Your objective:
Omit the pictures. Transcribe exactly the lines below, from the one with "Sanuk Men’s 11" up to and including the last.

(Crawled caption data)
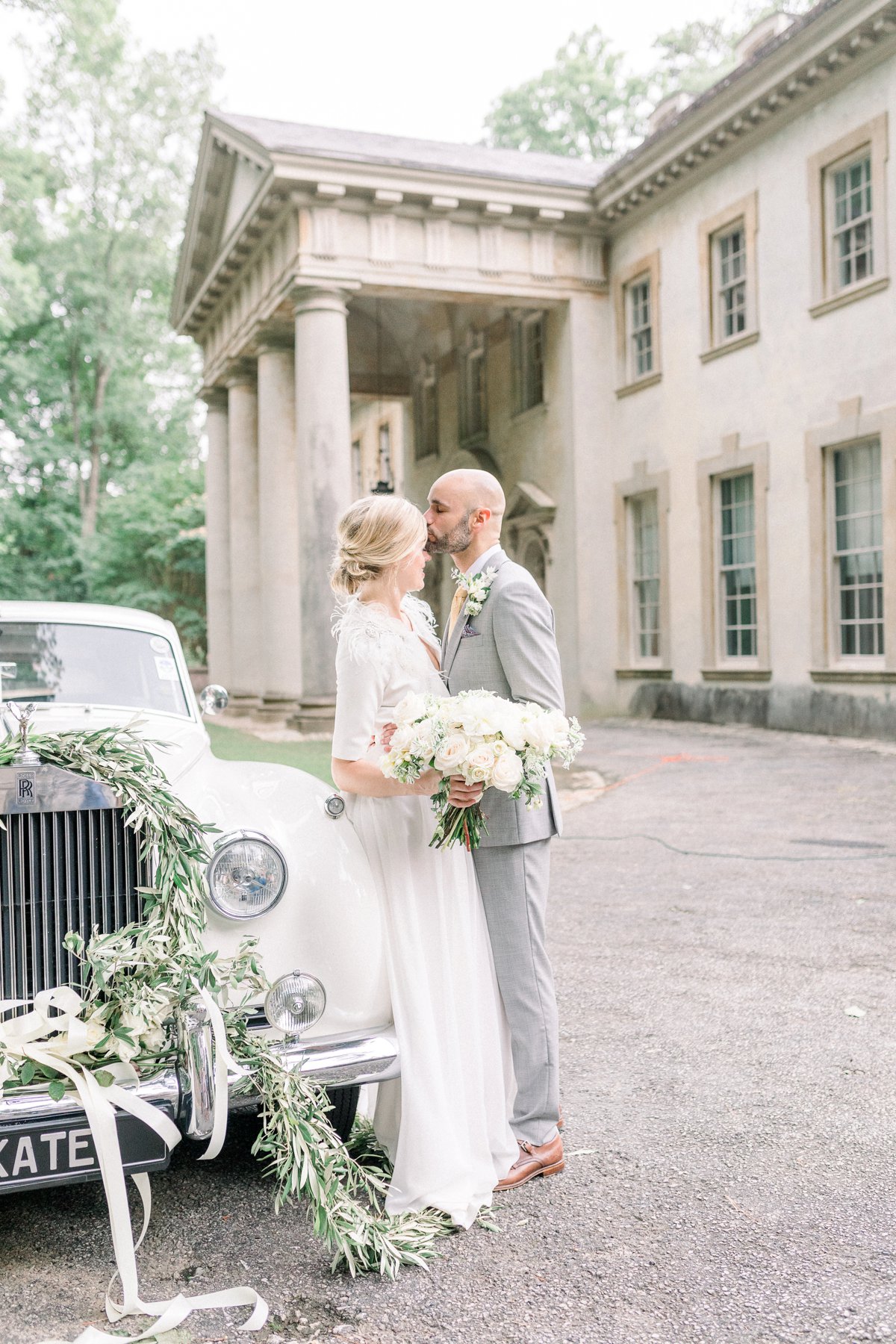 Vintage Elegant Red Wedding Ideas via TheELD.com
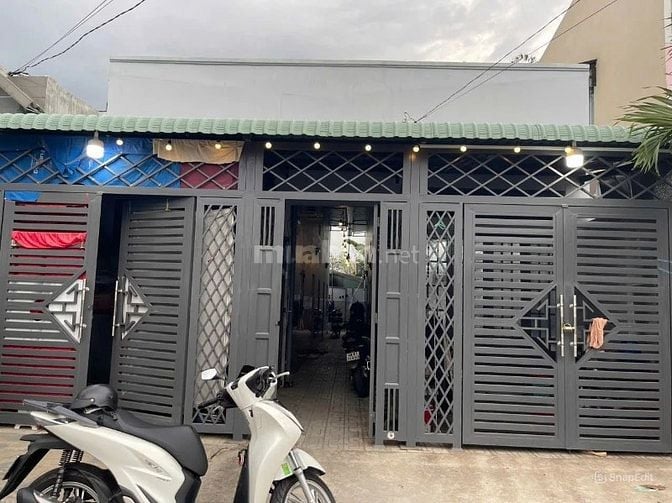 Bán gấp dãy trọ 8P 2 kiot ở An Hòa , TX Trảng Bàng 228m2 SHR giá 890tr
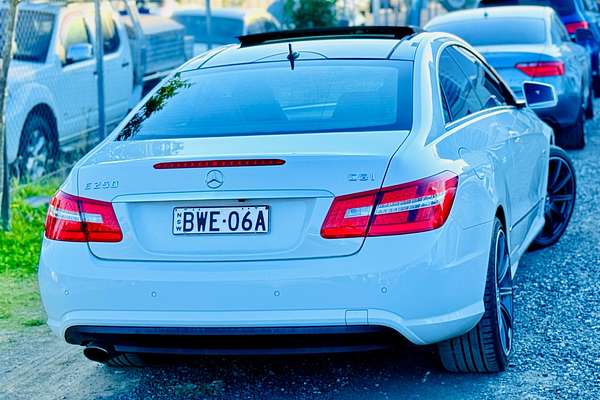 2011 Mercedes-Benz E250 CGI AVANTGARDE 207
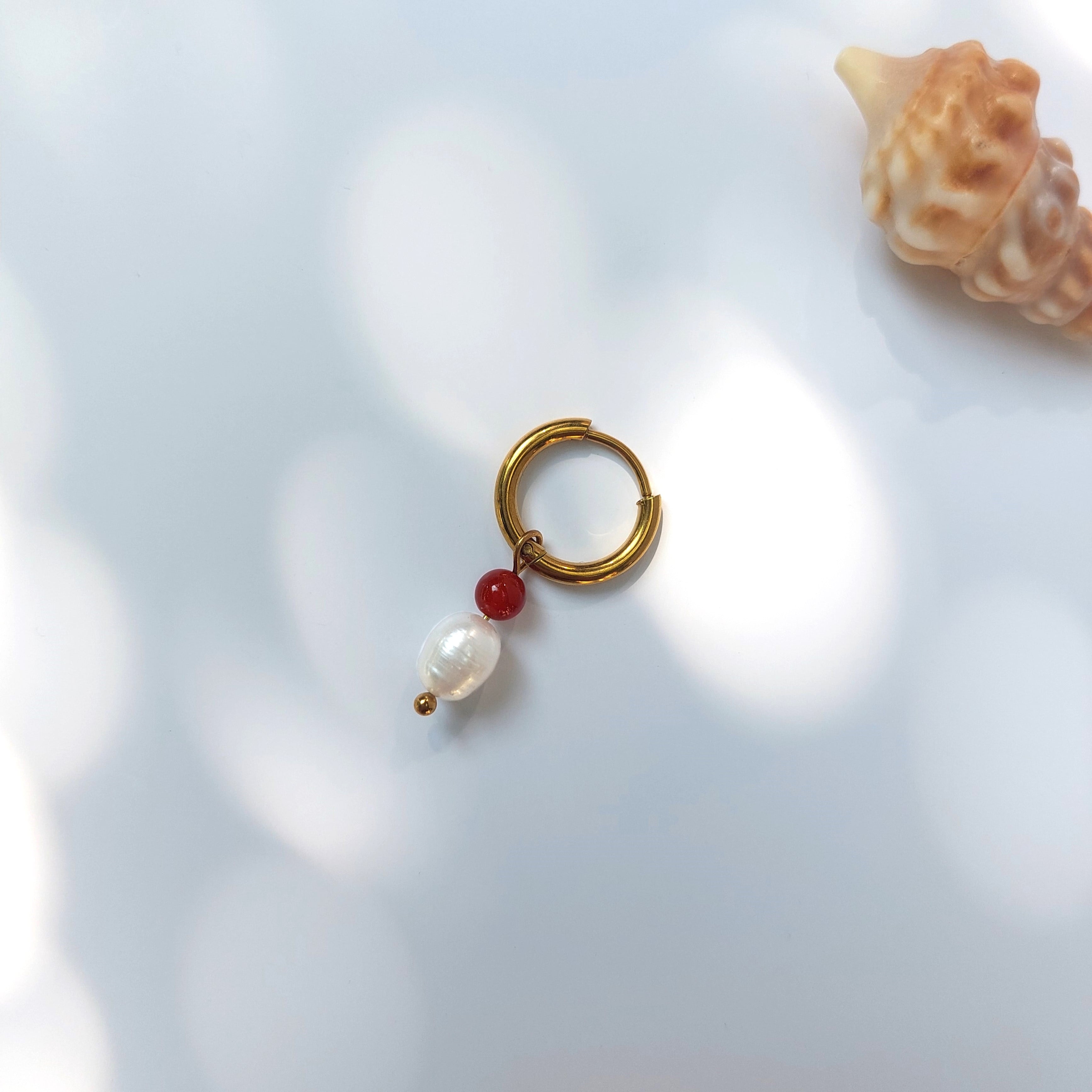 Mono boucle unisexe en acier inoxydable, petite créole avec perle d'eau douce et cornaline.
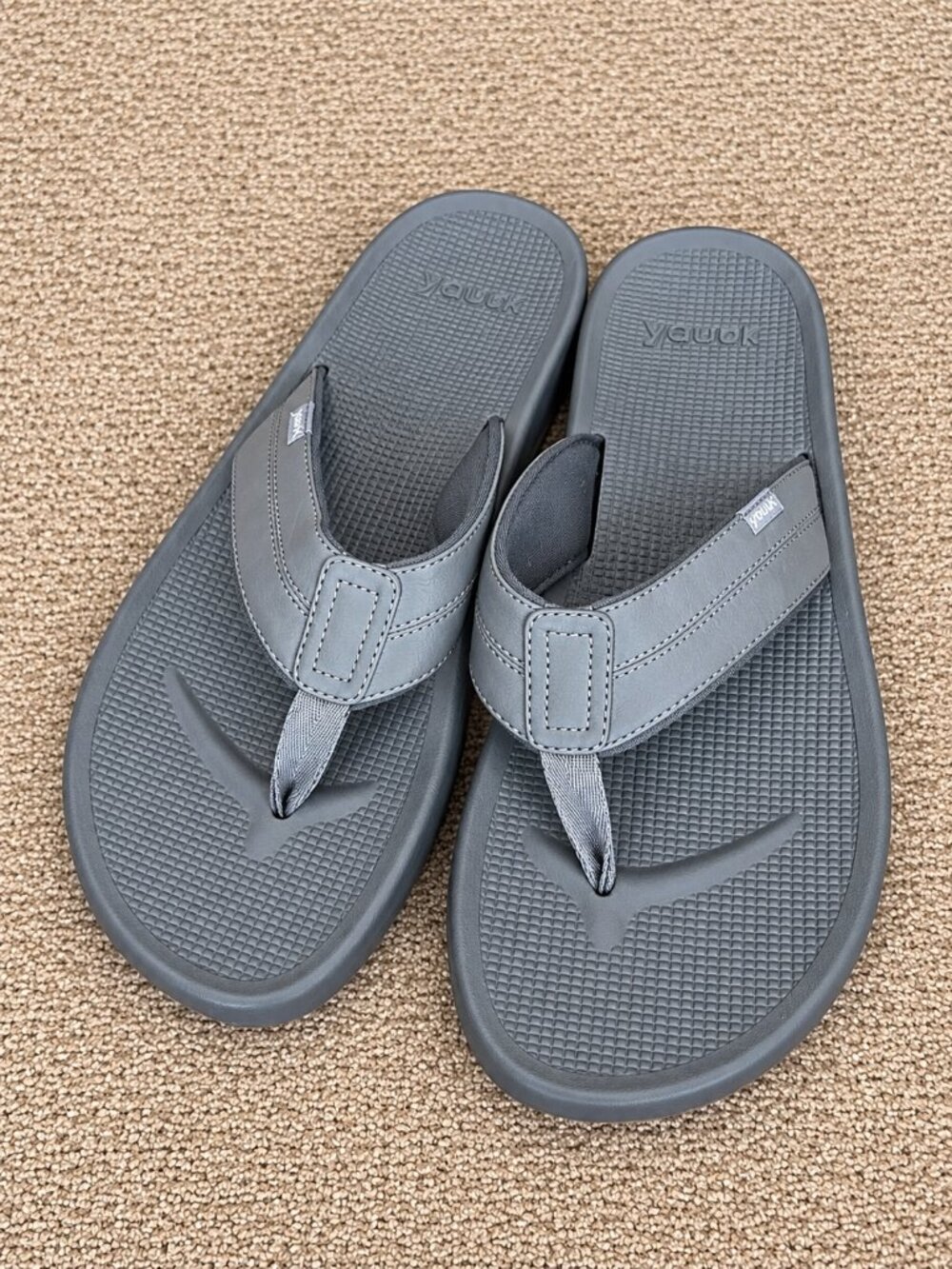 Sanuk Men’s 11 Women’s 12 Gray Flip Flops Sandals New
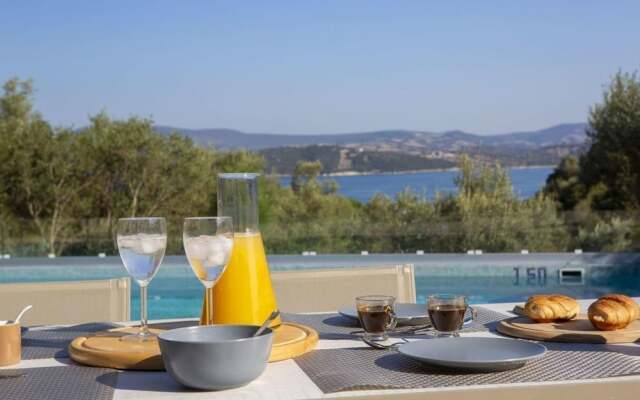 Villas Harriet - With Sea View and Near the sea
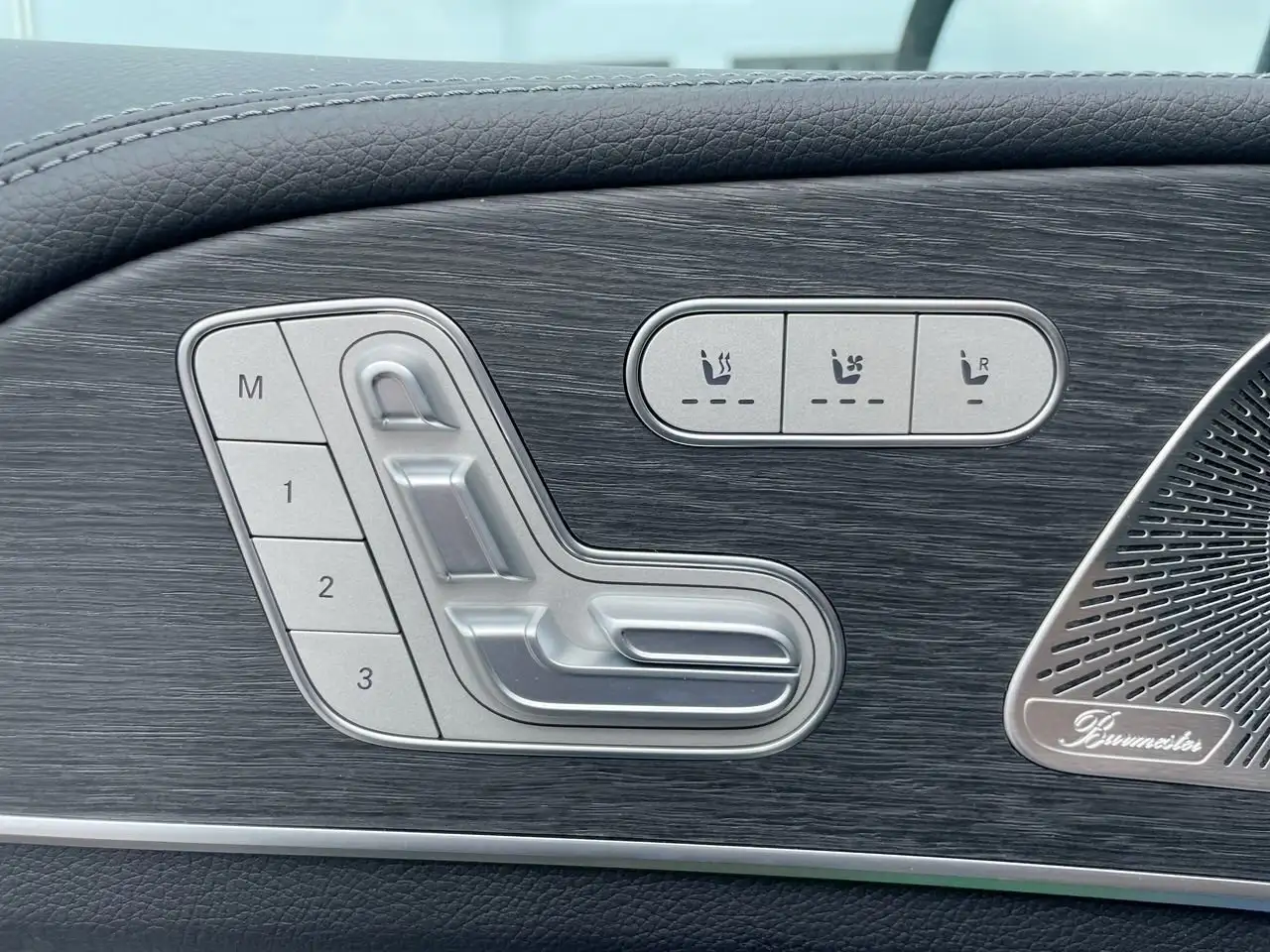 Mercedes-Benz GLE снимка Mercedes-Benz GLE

Solution:
 Sanuk Men’s 11 Women’s 12 Gray Flip Flops Sandals New
 Villas Harriet - With Sea View and Near the sea
 Mercedes-Benz GLE снимка Mercedes-Benz GLE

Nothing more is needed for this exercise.